» Instructions for the task: Repeat each record exactly as written, and drop any images.

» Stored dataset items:
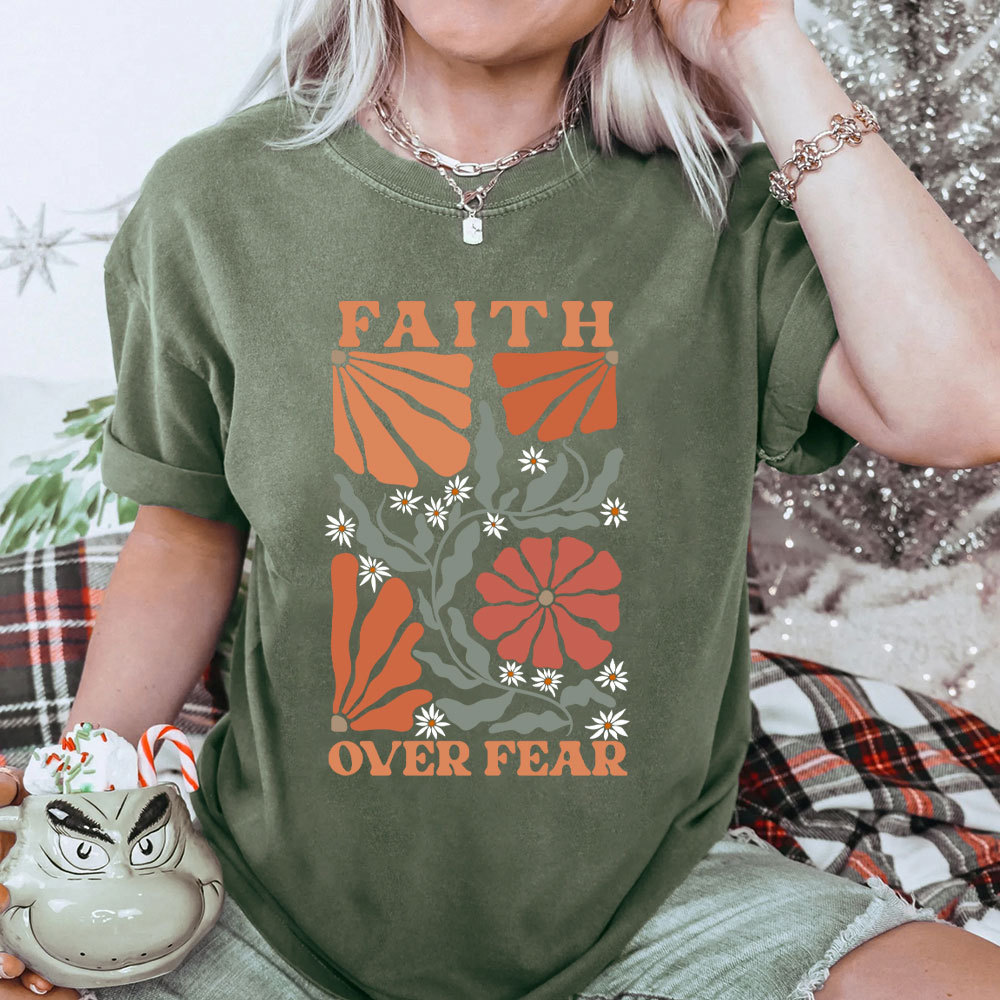 Faith Over Fear Boho Flower Christian Washed T-Shirt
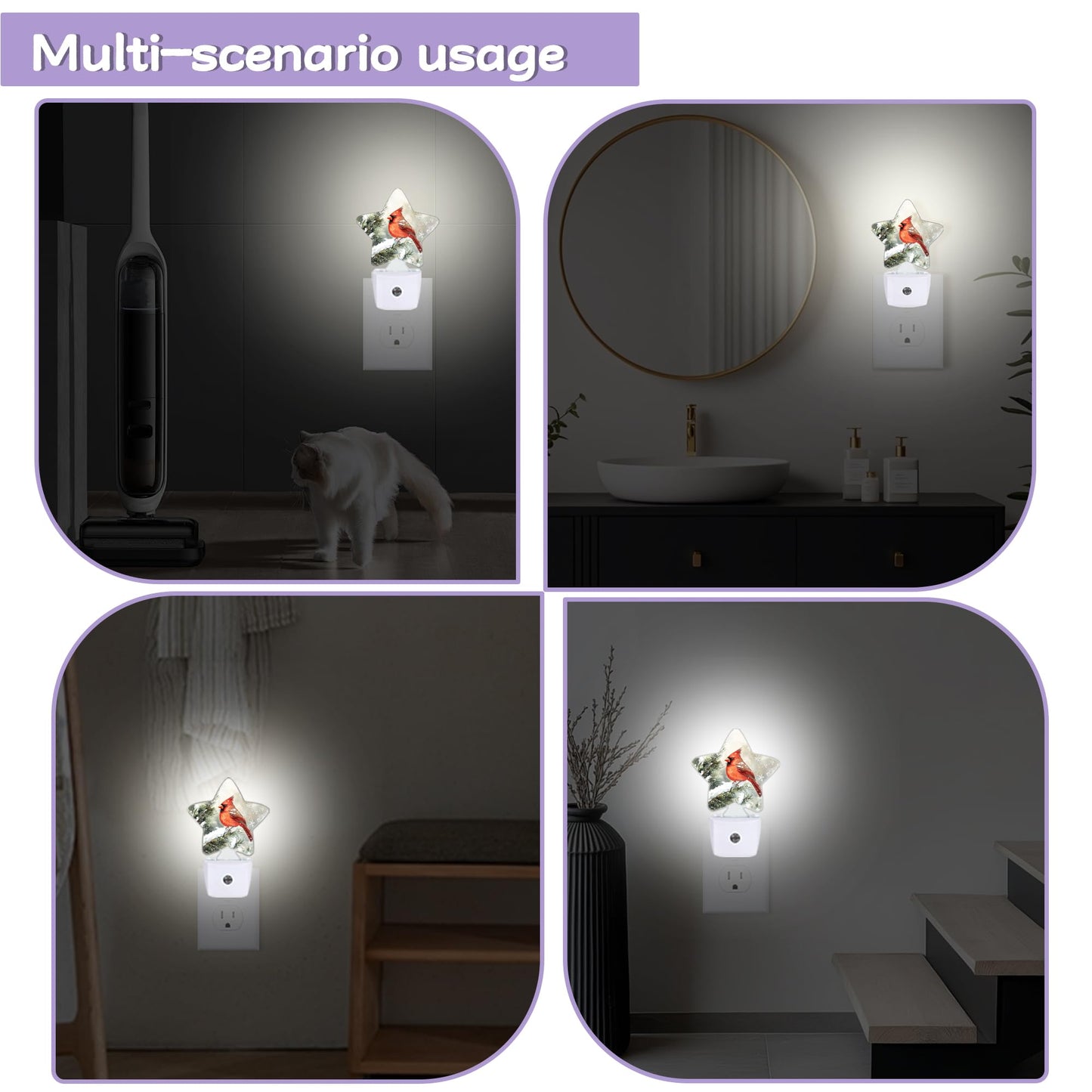 Cardinal Bird Decorative Nightlight Plug in Wall,Christmas Star Shaped Night Light with Built in Sensor for Home Decor,Kitchen Hallway Stairs Desk Lamp
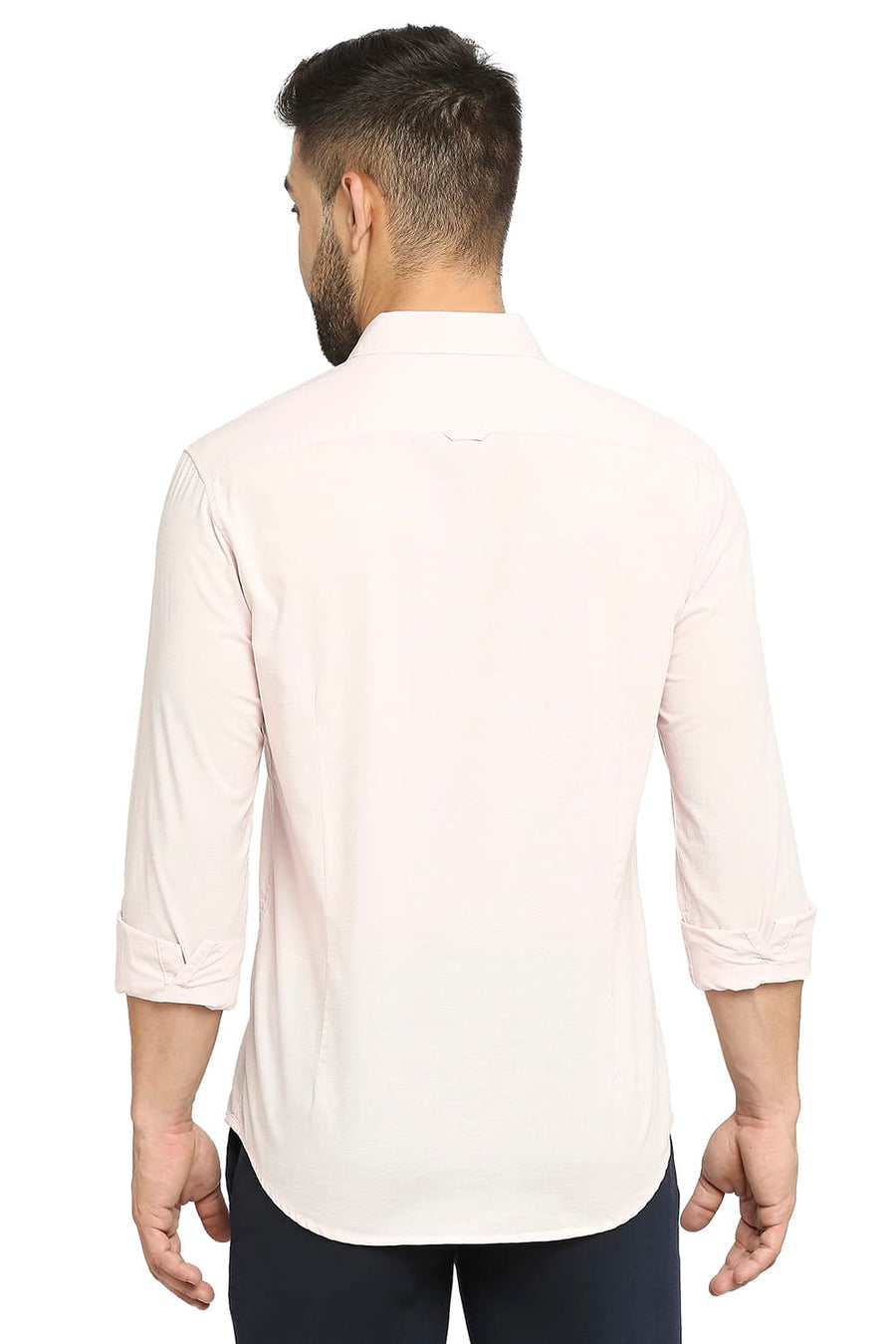 BASICS SLIM FIT MAUVE PINK COTTON SLUB SHIRT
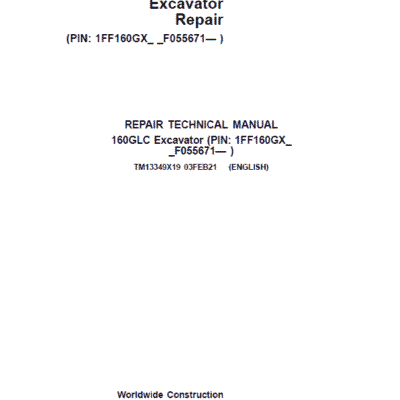 Cart John Deere 160GLC Excavator Repair Service Manual TM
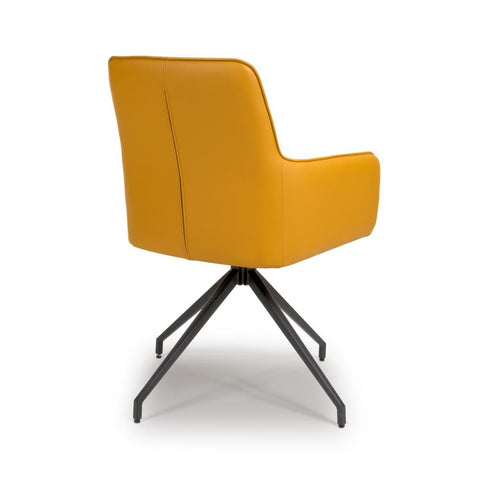 Nixon Ochre Swivel Arm Dining Chair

» Result below:
 Faith Over Fear Boho Flower Christian Washed T-Shirt
 Cardinal Bird Decorative Nightlight Plug in Wall,Christmas Star Shaped Night Light with Built in Sensor for Home Decor,Kitchen Hallway Stairs Desk Lamp
 BASICS SLIM FIT MAUVE PINK COTTON SLUB SHIRT
 Cart John Deere 160GLC Excavator Repair Service Manual TM
 Nixon Ochre Swivel Arm Dining Chair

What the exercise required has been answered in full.